Much like his films, the answer is romantic and sentimental: Khan has always expressed and represented the best that India and the South Asian subcontinent can be. He shows us a glimpse of a prosperous, plural and humane region – one that can laugh at itself without the inflamed nostrils of pious outrage.
For millions of Indians, he also remains the posterchild of the country’s story of economic growth.
In the 1990s, Khan debuted on our screens at the same time as India arrived on the global economy scene. And his stature grew with a growing economy.
As part of a series of market reforms, the country opened the telecoms sector to foreign investment which allowed new media networks to broadcast in India – these channels ensured Khan’s films, songs and interviews reached more homes than any film celebrity before him. As India liberalised its economy further, new sodas and cars suddenly entered the market, and partnered with Khan as their brand ambassador.
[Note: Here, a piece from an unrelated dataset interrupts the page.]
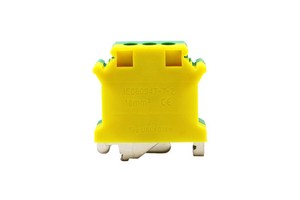 USLKG-16 Grounding Wiring Test Power Terminal Block Yellow-Green Guide Rail UK Grounding Terminal 16mm Junction Connector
In that sense, Khan’s meteoric rise from a humble Delhi family to global celebrity is the penultimate neo-liberal fairy tale of success in India, an example of how to “make it” to the top without any film lineage or connections to prop him up. Khan’s stature grew with a growing economy.
With the rise of the religious right, Khan has also become a shorthand for a progressive plural past that many Indians are trying to hold on to.
Critics say intolerance has been on the rise under Prime Minister Narendra Modi’s Hindu nationalist government, which is widely accused of marginalising India’s Muslims.
Khan’s son, Aryan Khan, was arrested last year in a drugs case, and eventually exonerated, in a case many felt was aimed at targeting India’s most successful Muslim icon. He has always offered thoughtful comments on Indian pluralism and played more Muslim characters than his contemporaries.
Yet, his fans refuse to reduce him to his religious identity – instead, they see him as wise, witty, successful, and wildly sexy.
Discussing the malicious right-wing attacks against Khan and his mixed-faith family – his wife is a Hindu – a young fan I interviewed declared: “He is secular, but he is also very sexy.”
Most importantly, the actor has always depicted the fragility we all share as human beings.
Khan usually portrays fragile figures – the fragile lover, the fragile hero, the fragile husband, the fragile Muslim, and even the fragile villain. The men he plays are rarely at ease with themselves and those around them.
The insecurities that bother his screen characters have evolved through the progress of his career spanning three decades. They are often emotionally destitute, unable to feel fully loved and unwilling to let go of their need to find love.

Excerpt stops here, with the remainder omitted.